I have a shell script with a syntax compatible to both bash and zsh, except for a section that has zsh specific syntax. that throws syntax errors if sourced from a bash
is there an easy way to escape such section when using bash.
The script is a bash function that sources all the files in a directory. it works fine form zsh (and it is irrelevant to the question)
#!/usr/bin/env bash
shell=$(ps -p $$ -oargs=)
if [ $shell = "bash" ]; then
for f in ~/.functions.d/*.sh; do source $f; done
elif [ $shell = "zsh" ]; then
for f (~/.functions.d/**/*.sh) source $f
fi
the error is produced by the 7th line, when sourcing it in bash
relevant links
The problem is that the entire if/elif/else statement is parsed as a unit, so it can't contain invalid syntax.

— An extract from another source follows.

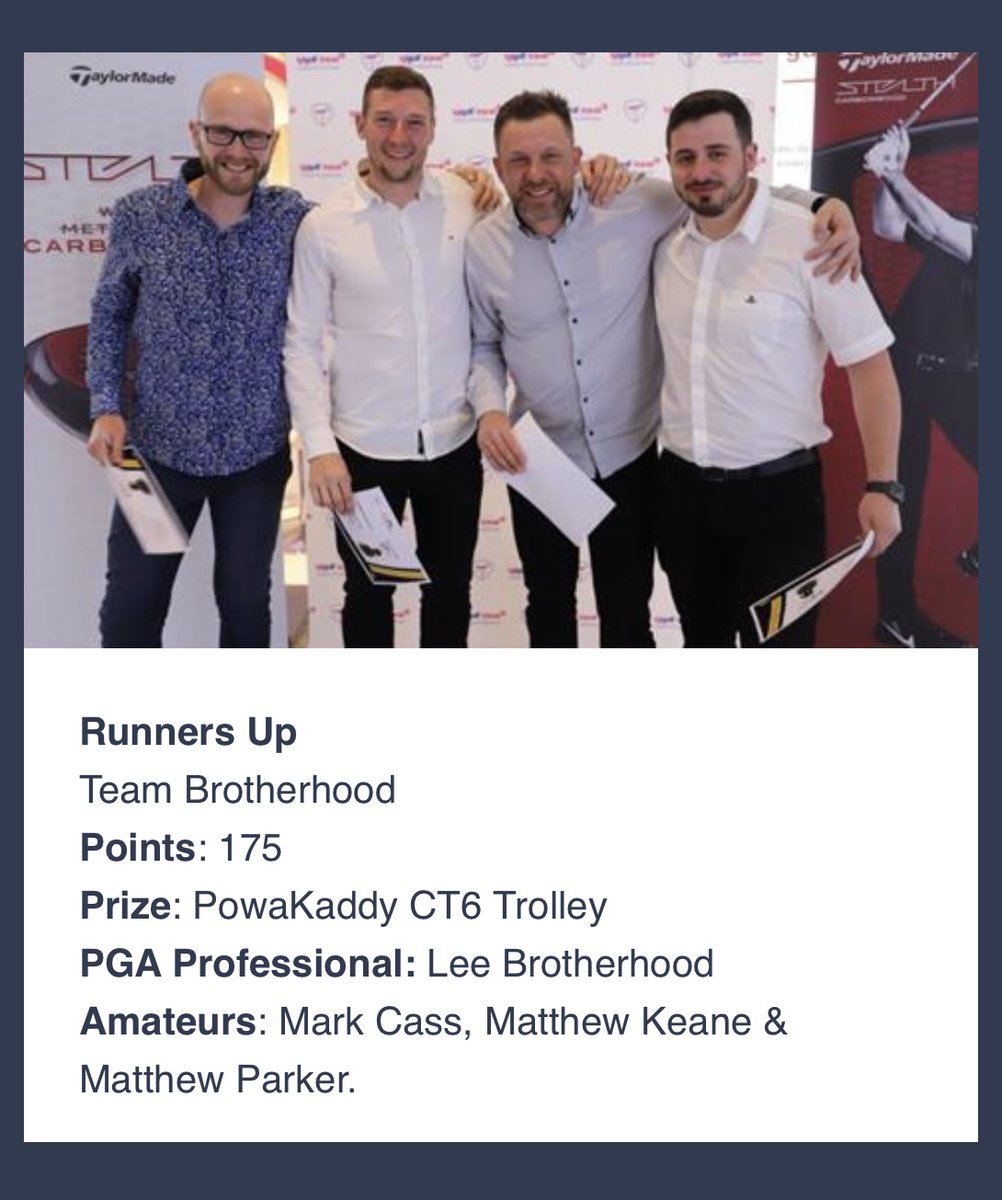 Fantastic week <a href="/TGI_Golf/">TGI Golf Partnership</a> Team Challenge at the stunning <a href="/GloriaHotels/">Gloria Hotels & Resorts</a>! Thank you to everyone at TGI for another super event top to bottom, also TGI Travel team, Matrix and all the very generous sponsors <a href="/TaylorMadeGolf/">TaylorMade Golf</a> @PowaKaddy_Golf @adidasGolf #MauiJim Awesome!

What you could do is exit the sourced script before executing the zsh-specific code:
shell=$(ps -p $$ -oargs=)
if [ $shell = "bash" ]; then
for f in ~/.functions.d/*.sh; do source $f; done
return
fi
if [ $shell = "zsh" ]; then
for f (~/.functions.d/**/*.sh) source $f
fi
However, a more general solution is to extract the bash-specific and zsh-specific code into separate scripts.
shell=$(ps -p $$ -oargs=)
if [ $shell = "bash" ]; then
source load_functions.bash
fi
if [ $shell = "zsh" ]; then
source load_functions.zsh
fi
load_functions.bash would contain the first for loop, while load_functions.zsh would have the second one.